Required work: Your copy should hold only the lines from the one containing "Binche: le théâtre" through the final line of the entries, exactly as written, with no pictures.

(Pictures with short captions)
━━━━━━━━━━━━━━━━━━━━

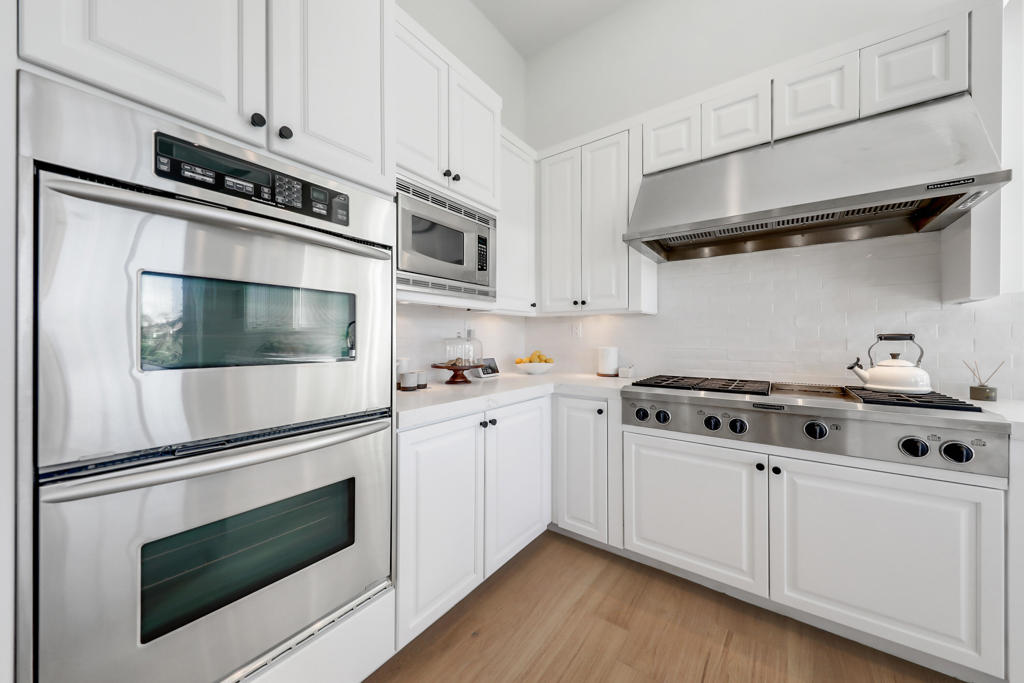 Mountain View CC - Residential Lease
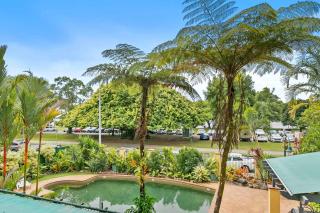Cozy Waterfront - Free Parking Pool - Cairns North - 6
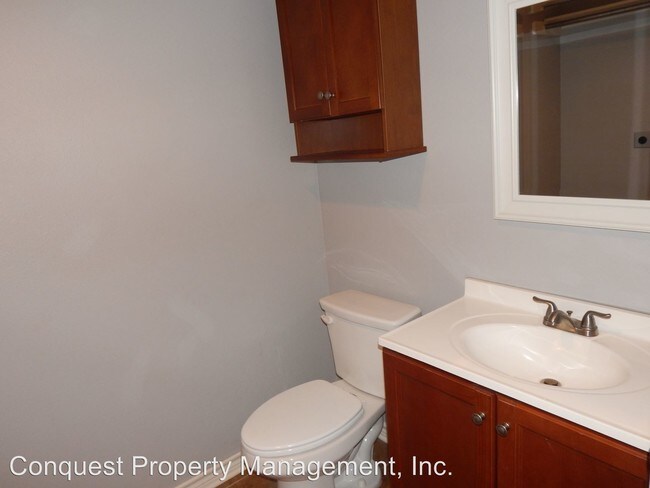 Building Photo - 522 E Charnwood St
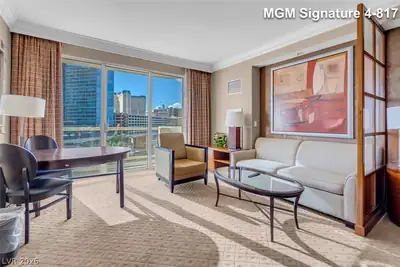 125 East Harmon Avenue 417, Las Vegas, NV 89109 Living Room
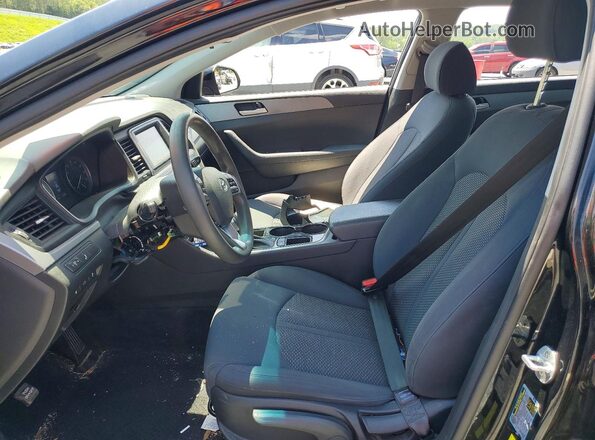 5NPE24AF1KH748532 2019 HYUNDAI SONATA Черный Вид салона спереди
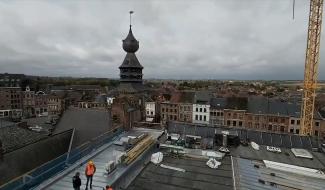 Binche: le théâtre revêt sa nouvelle toiture.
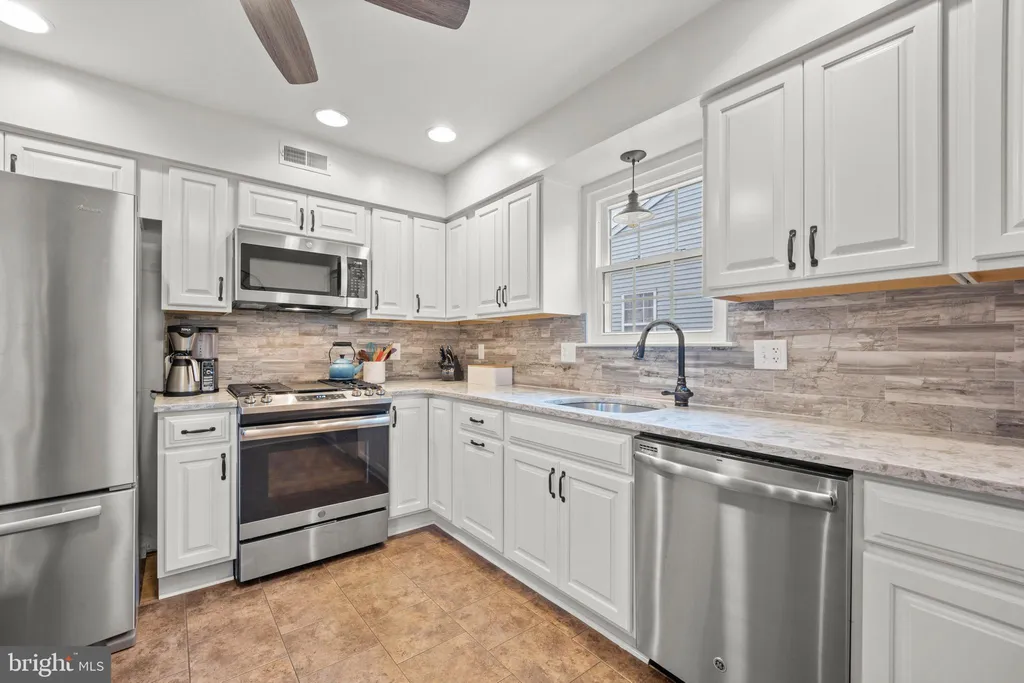 Additional image 14 of 335 Nicholas Court, Wilmington, DE 19808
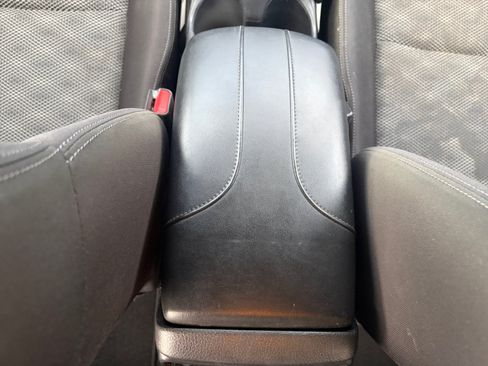 Used 2017 Nissan Rogue Sport SV FWD image 25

━━━━━━━━━━━━━━━━━━━━

Solved problem:
 Binche: le théâtre revêt sa nouvelle toiture.
 Additional image 14 of 335 Nicholas Court, Wilmington, DE 19808
 Used 2017 Nissan Rogue Sport SV FWD image 25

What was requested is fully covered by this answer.